(Data excerpts)
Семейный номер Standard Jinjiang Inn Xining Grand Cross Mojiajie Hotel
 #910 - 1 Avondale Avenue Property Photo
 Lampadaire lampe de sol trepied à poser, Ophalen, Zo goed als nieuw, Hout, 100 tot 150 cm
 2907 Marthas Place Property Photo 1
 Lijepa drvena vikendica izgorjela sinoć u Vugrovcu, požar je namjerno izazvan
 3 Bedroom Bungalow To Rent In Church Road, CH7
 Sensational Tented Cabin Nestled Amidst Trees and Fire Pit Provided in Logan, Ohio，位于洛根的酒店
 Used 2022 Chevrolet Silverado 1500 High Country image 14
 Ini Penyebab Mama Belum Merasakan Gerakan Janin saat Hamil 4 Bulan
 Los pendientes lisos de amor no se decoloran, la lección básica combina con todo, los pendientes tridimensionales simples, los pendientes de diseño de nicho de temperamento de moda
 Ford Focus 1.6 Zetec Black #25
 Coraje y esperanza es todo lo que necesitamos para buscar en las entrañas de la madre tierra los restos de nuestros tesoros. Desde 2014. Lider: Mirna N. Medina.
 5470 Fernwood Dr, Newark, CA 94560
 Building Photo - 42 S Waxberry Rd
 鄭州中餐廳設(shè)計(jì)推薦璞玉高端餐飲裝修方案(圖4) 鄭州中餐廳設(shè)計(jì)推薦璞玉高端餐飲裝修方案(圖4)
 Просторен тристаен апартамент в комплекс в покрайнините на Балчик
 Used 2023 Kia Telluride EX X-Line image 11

- **Problem requirements**
Report each line of the data that includes the string "Property".

- **The answer**
 #910 - 1 Avondale Avenue Property Photo
 2907 Marthas Place Property Photo 1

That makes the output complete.